Again, writability seems to be a significant motivating criterion for this type of assignment. Among other things, it might allow us to return multiple values from functions and then separate those values into different variables. It also makes it easier to "mass initialize" variables.

4.3. What difficulties do you foresee in adding such array support to the language?

Partial Solution

The greatest difficulties will have to do with typing. There are a number of key issues in typing: (1) the size of the arrays (and what you do if they're different); (2) the "types" of the arrays; and (3) the types of the values within the arrays.
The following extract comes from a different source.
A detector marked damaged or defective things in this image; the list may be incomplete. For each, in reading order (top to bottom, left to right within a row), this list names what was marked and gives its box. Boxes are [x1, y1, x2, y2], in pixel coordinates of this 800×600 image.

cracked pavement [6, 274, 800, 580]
What should we do in A = B when A and B are different sizes? We could disallow such assignments (most likely as a run time error). We could permit such assignments only when B is bigger than A, with the implied meaning that we only assign to the corresponding elements of A. We could permit such assignments when B is smaller than A, with the implied meaning that assignments are only done when there is a corresponding value in B.

A more significant problem is what to do with the "constant" arrays. Note that they have very different meanings depending on which side of the array they fall on. For example, while A = (a b c) means "assign the r-value of the ith element of (a b c) to the memory location corresponding to the ith value of A", (a b c) = A means "assign the r-value of the ith element of A to the memory location given by the l-value of the ith element of of (a b c)". That is, in one case, we assign directly to the elements of the array and in the other, we assign indirectly based on the contents of the elements of the array.

The third problem is easier to catch and handle at compile time. This is simply "are all the elements of the same type".

Are there other problems? Certainly. There are some of the most significant ones.

5. Computing with Binary Representation

The following is a simple BNF grammar for binary numbers.

Num ::= Digit
|  Num Digit
Digit ::= '0'
|  '1'

One useful attribute of binary numbers is their base-ten value. Extend this grammar with a value attribute (for both Digit and Num) and rules for computing these attributes.

Solution

Num ::= Digit
Num.value = Digit.value
Num0 ::= Num1 Digit
Num0.value = 2 * Num1.value + Digit.value
Digit ::= '0'
Digit.value = 0
Digit ::= '1'
Digit.value = 1

Notes

The biggest problems I saw with your solutions were a failure to abide by the rules of attribute grammars. In an attribute grammar, the rules for computing attributes must be associated with productions. The attributes computed in a rule can only be based on attributes of the nonterminals used in the corresponding production.

In addition, each attribute must be associated with a nonterminal. There are no "global attributes".